The debate about social time (Nugin, 2010) has many ramifications. For this reason – as Guyau saw it – we have to take a complex, interdisciplinary approach to it. This approach should not be based on one discipline alone. Jean-Marie Guyau (1854–1888) was the advocate of a sort of secular religion. He argued, in contrast to the position of Spencer which held that the distinctive feature of time was length. According to Guyau, ‘it runs, therefore, against the laws of evolution, to construct space by means of time when it is, to the contrary, through space that we arrive at the representation of time’ (Guyau, 1994: 44). Finally, ‘for us, eternity is either nothing or chaos; time begins with the introduction of order into feeling and thought’ (Guyau, 1994: 92).
This way, it is the social subject who, through his or her emotions, passions, and reflections generates time which is always a blend of and a toing and froing between chrónos and kairós (Cipriani, 1997).

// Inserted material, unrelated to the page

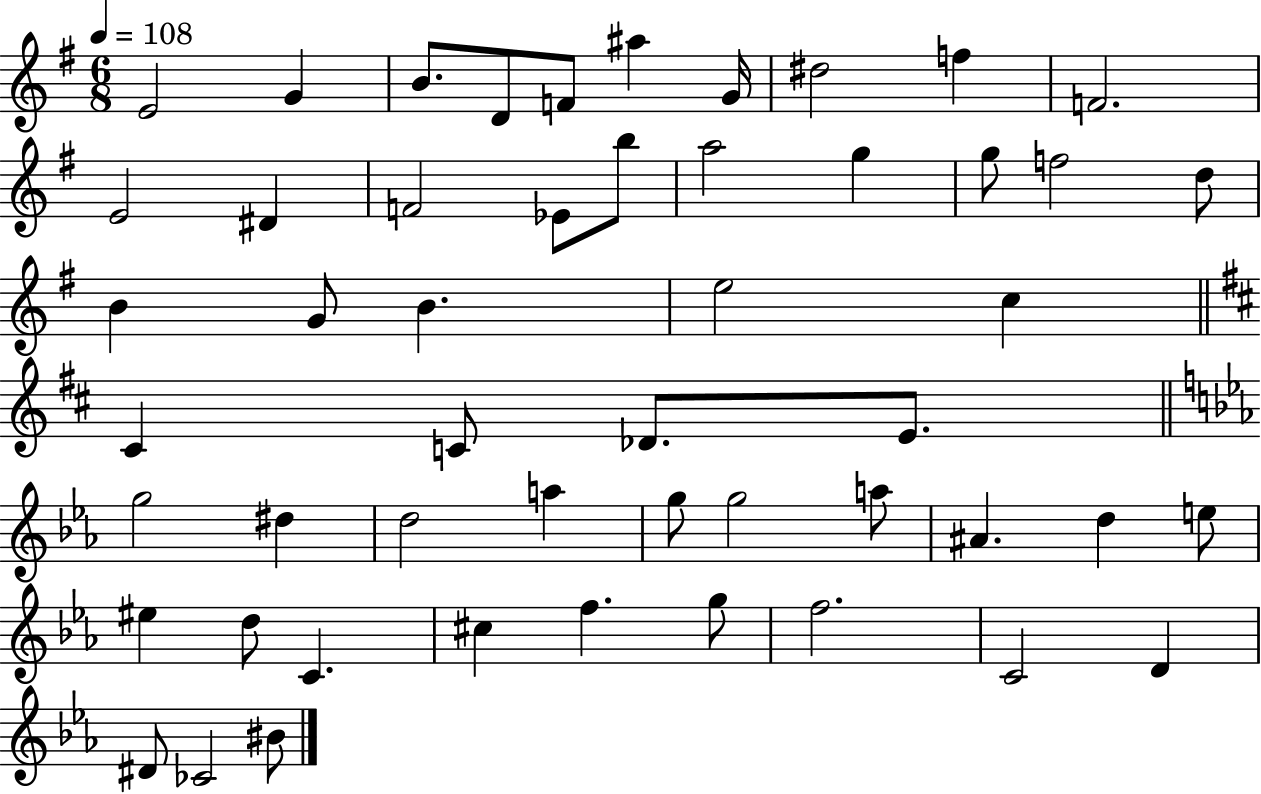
E4/h G4/q B4/e. D4/e F4/e A#5/q G4/s D#5/h F5/q F4/h. E4/h D#4/q F4/h Eb4/e B5/e A5/h G5/q G5/e F5/h D5/e B4/q G4/e B4/q. E5/h C5/q C#4/q C4/e Db4/e. E4/e. G5/h D#5/q D5/h A5/q G5/e G5/h A5/e A#4/q. D5/q E5/e EIS5/q D5/e C4/q. C#5/q F5/q. G5/e F5/h. C4/h D4/q D#4/e CES4/h BIS4/e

In the context of non-logical action and, thus, with reference to the concept of non-economic time, Pareto has something useful to say. In the words of Busino, it can be said that the descending phase causes the ascending phase which follows it and vice versa. But this only in the sense that the ascending phase is indissolubly tied to the descending one which precedes it and vice versa. This suggests, therefore, in more general terms, that the different phases are simple manifestations of a single state of things and that it is observation which makes them appear to succeed each other in such a way that the sequence is experimentally uniform. There are various types of oscillation, depending on the time they take. This oscillatory time may be very short, short, long or very long. As we have already seen, the shortest oscillations are usually accidental in that they manifest fleeting forces; those which occur over a particularly long time usually manifest enduring forces. The very long ones, because of our lack of knowledge of the distant past, and because it is impossible to foresee the future, can fail to reveal their oscillatory properties and appear to manifest a movement proceeding constantly in one direction. (Busino, 1988: xxiv)
This kind of motion, a to-and-fro-like process, characterizes the course of history, in particular the sequence of access to power by different elites; first the lions, then the wolves. According to the theory of elite group circulation, power-shifts between elite group are pending when a given phenomenon reaches its peak: ‘when a phenomenon reaches its greatest degree of intensity, the opposite oscillation is imminent’ (Busino, 1988: xxiv). But the duration of the power of these elite groups is destined to be short lived. To paraphrase Pareto, time is the cemetery of elite groups.
Time as synthesis
Norbert Elias’ reflections on time (Tabboni, 2001) provide a fine example of the sociology of knowledge, in the sense that the nucleus of his approach focuses on the symbolic features of the use of time. Elias argues that, we cannot see time or hear it, neither can we taste it or touch it; it is a problem which still awaits solution. How can we measure something which we are unable to perceive with our senses? Is an hour invisible? (Elias, 1986: 7)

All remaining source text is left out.